You're completely right, random guy. This solitary typo disqualifies me from further criticism of my literary betters. I owe DeLillo an apology (I'm sure he's never misspelled anything), and I owe you a debt of gratitude, pedantic twat. Without unthinking, overly defensive, and out of proportion snipes like yours, what would the internet be?

XOXOXOXO,

That guy who misspelled occasionally on the internet that one time.


message 6: by James (new)

James hahaha this is one of the funnier things I've read in awhile.

"Learn how to spell 'occasionally' before critiquing DeLillo or anyone else. "

When you think about it that's a pretty specific criterion... in order to criticize anyone's work, you must specifically know how to spell the word, 'occasionally'... you could misspell numerous other words, but if you misspell 'occasionally,' then you really are devoid of a worthwhile opinion.


message 5: by Sarah (new)

Sarah Castillo This is a fantastic review. Spelling asside. OR aside. Or whatever.

...

Is this comment invalid now?


Lambert Look fine, if you don't get it - no worries, that's OK, but please just admit it. As for saying that the book should be 600 pages shorter - that says far more about you, than the quality of the book.


Joseph I don’t really think there’s much to “get”. DeLillo isn’t doing anything with technique or narrative structure that hadn’t been done fifty years ago. He tried to do an epic postmodern Big Novel - something I normally enjoy - and I didn’t feel like he pulled it off.

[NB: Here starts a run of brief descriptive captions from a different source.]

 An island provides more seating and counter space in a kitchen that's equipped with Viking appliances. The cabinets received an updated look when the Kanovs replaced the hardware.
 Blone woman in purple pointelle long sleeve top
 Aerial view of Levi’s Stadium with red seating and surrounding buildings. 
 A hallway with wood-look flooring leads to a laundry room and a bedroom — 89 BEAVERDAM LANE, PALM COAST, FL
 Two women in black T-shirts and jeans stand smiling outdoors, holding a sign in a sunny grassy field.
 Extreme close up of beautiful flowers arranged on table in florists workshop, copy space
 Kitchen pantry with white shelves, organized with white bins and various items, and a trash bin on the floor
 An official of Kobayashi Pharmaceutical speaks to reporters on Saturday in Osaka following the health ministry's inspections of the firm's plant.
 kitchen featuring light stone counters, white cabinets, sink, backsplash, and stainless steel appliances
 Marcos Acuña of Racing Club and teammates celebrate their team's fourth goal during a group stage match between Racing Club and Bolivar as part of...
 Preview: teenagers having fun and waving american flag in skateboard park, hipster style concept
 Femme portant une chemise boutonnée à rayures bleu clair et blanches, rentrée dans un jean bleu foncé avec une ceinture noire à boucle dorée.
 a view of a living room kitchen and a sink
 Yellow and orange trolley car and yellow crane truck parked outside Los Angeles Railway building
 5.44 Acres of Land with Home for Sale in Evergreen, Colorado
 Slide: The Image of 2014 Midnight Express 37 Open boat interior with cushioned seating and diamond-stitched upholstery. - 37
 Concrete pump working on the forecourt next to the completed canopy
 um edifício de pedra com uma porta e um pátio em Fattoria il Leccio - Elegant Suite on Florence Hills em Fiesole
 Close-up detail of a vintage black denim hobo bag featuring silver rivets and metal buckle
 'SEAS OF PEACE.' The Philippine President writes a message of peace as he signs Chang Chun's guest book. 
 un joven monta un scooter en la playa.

Snidely saying I didn’t “get” it isn’t an argument and doesn’t add anything to the discussion. Again, it’s the kind of insecure, exclusionary pose that turns off the average person to the literary world. I’d rather have more people in that circle than not, but that’s just me.


Nick You should consider criticizing the book instead of positing conspiracy theories about those who disagree with you about it merits.


message 1: by Greg (new)

Greg Atkin The book is America's War and Peace.